=== THE DATA ===
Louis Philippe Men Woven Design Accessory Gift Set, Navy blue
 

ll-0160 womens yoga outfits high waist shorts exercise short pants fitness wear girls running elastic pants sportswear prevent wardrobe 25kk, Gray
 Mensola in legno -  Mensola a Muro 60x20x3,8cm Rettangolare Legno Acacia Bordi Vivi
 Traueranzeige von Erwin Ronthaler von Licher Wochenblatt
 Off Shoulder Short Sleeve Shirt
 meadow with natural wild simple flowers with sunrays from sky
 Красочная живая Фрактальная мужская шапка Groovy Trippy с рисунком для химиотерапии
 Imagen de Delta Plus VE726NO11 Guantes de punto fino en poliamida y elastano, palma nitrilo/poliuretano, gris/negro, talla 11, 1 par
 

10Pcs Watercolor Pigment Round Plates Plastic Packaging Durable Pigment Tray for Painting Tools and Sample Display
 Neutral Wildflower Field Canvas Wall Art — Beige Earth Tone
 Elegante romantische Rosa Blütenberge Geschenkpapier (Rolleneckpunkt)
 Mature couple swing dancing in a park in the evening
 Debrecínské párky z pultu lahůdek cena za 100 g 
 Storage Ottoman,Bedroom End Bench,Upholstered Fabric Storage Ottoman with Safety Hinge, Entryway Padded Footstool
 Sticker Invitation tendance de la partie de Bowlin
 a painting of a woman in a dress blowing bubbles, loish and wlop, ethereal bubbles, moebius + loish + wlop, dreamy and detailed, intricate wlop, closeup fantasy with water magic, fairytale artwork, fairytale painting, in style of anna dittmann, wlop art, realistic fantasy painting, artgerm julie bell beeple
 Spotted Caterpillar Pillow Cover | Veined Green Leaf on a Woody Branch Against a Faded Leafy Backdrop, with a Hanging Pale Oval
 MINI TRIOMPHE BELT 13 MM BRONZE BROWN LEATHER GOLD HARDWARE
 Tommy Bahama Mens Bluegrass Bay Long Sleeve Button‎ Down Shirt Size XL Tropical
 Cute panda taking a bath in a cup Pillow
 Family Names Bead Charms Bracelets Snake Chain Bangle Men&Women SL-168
===
● **ACTIVITY**: Here the job is to output the lines from the start of the material through the line with "Sticker Invitation tendance", inclusive, exactly and with nothing else.

● **PROBLEM SOLUTION**:
Louis Philippe Men Woven Design Accessory Gift Set, Navy blue
 

ll-0160 womens yoga outfits high waist shorts exercise short pants fitness wear girls running elastic pants sportswear prevent wardrobe 25kk, Gray
 Mensola in legno -  Mensola a Muro 60x20x3,8cm Rettangolare Legno Acacia Bordi Vivi
 Traueranzeige von Erwin Ronthaler von Licher Wochenblatt
 Off Shoulder Short Sleeve Shirt
 meadow with natural wild simple flowers with sunrays from sky
 Красочная живая Фрактальная мужская шапка Groovy Trippy с рисунком для химиотерапии
 Imagen de Delta Plus VE726NO11 Guantes de punto fino en poliamida y elastano, palma nitrilo/poliuretano, gris/negro, talla 11, 1 par
 

10Pcs Watercolor Pigment Round Plates Plastic Packaging Durable Pigment Tray for Painting Tools and Sample Display
 Neutral Wildflower Field Canvas Wall Art — Beige Earth Tone
 Elegante romantische Rosa Blütenberge Geschenkpapier (Rolleneckpunkt)
 Mature couple swing dancing in a park in the evening
 Debrecínské párky z pultu lahůdek cena za 100 g 
 Storage Ottoman,Bedroom End Bench,Upholstered Fabric Storage Ottoman with Safety Hinge, Entryway Padded Footstool
 Sticker Invitation tendance de la partie de Bowlin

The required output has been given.